Grosse déception pour tous les passionnés d’athlé ! Ce dimanche (11h10), au marathon de Londres, le duel tant attendu entre Eliud Kipchoge et Kenenisa Bekele n’aura finalement pas lieu. Pour vous consoler, Le Quotidien a demandé à plusieurs acteurs incontournables de la course à pied au Luxembourg de poser leur regard d’expert sur ces deux légendes vivantes de la course à pied.
La terrible nouvelle est tombée vendredi, à 17h, via un communiqué de l’organisation. Touché au mollet gauche, Kenenisa Bekele a été contraint, la mort dans l’âme, de déclarer forfait pour le marathon de Londres qui se disputera ce dimanche. Du coup, le duel au sommet contre le Kényan Eliud Kipchoge est reporté. «Je vais prendre le temps de me soigner, de me remettre en forme et j’espère être de retour l’an prochain à Londres», a glissé l’Éthiopien. Chiche !

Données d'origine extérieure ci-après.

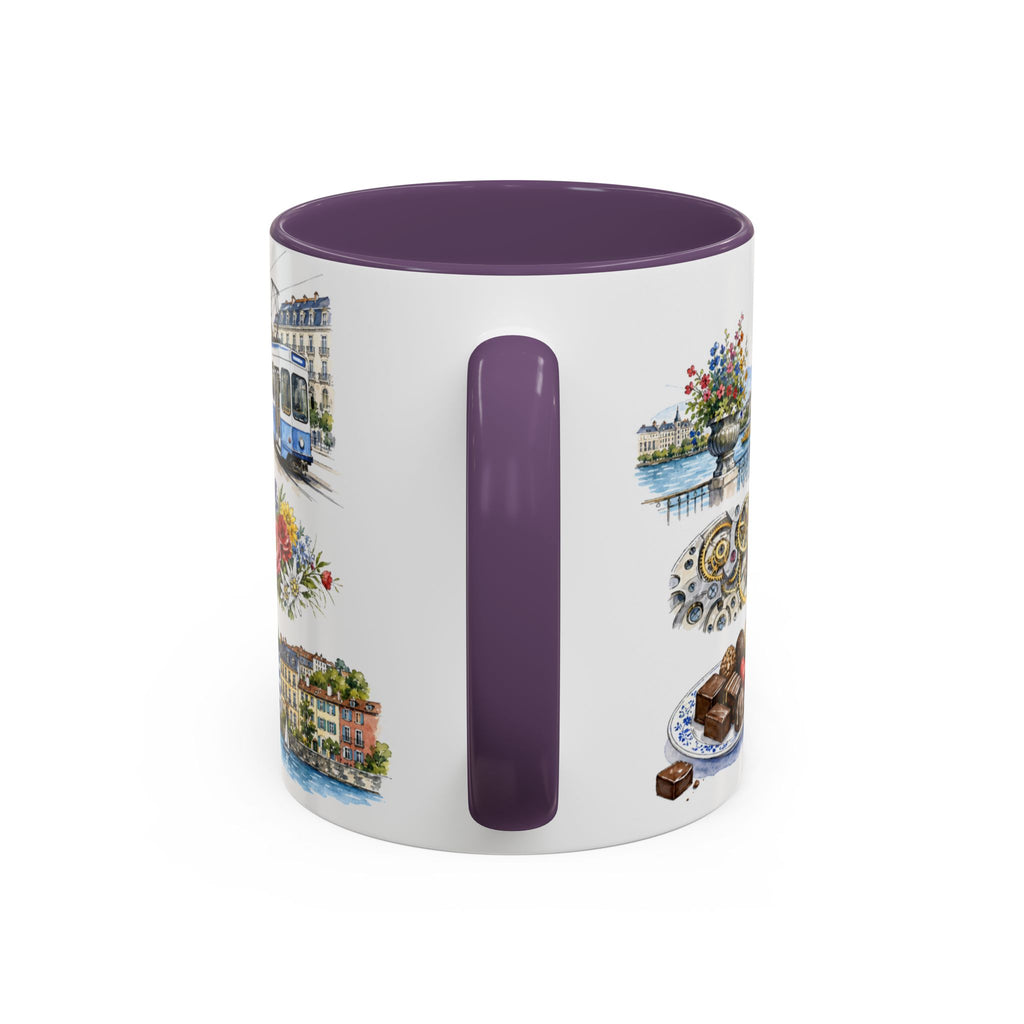 Geneva Illustrated Travel Mug | City Souvenir Accent Coffee Mug | 11oz 15oz Ceramic Cup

«Bekele a vraiment marqué ma jeunesse»
Bob Bertemes (26 ans, Celtic Diekirch, l’actuel meilleur coureur de demi-fond et de fond luxembourgeois)
«Je crois que la NN Running Team a super bien résumé la chose : c’est la King’s Week* ! Et surtout, c’est parfait pour moi car je suis actuellement en vacances : en pleine off season, c’est-à-dire en période de coupure (NDLR : bien qu’il ait participé pour le fun au Red Bull 400, 400 mètres de course sur une piste de saut à skis inclinée à 35 degrés, ce samedi en Autriche, où il a fini 8e). Donc dimanche, je vais pouvoir me mettre tranquillement devant la télé et pouvoir regarder la course, sans devoir penser à faire un entraînement le matin. Ça va être super chouette, je crois que ça va être un bon spectacle, en tout cas je l’espère, même si je suis forcément hyper déçu que « Keni » ait dû déclarer forfait ! J’ai toujours été à 100% derrière Bekele. J’étais à Bruxelles, dans le stade avec mes parents et mon frère, lorsqu’il a réalisé le record du monde du 10 000 m (NDLR : 26’17 »53, le 26 août 2005). Je me souviens d’une douzaine de supporters africains postés dans les 150 derniers mètres et qui imprimaient un rythme d’enfer avec leurs baguettes sur leurs dum dum. Une ambiance formidable ! C’était magique, je me rappelle, on lui avait fait une standing ovation lors des deux derniers tours. Bref, Bekele a vraiment marqué ma jeunesse : il était tellement dominant sur piste, sur route mais aussi surtout en cross. Pour moi, c’est juste un meilleur coureur que Kipchoge. Après, c’est clair, sur marathon, »Keni » n’est pas le plus régulier des coureurs, il est moins fiable qu’un Kipchoge qui même dans un »jour sans » peut faire entre 2h03′ et 2h05 (il rit). Après, tu sais, un marathon n’est jamais écrit d’avance, c’est long, il peut se passer tellement des choses… Des troubles digestifs, une hypoglycémie, une fringale, une défaillance ou autre.»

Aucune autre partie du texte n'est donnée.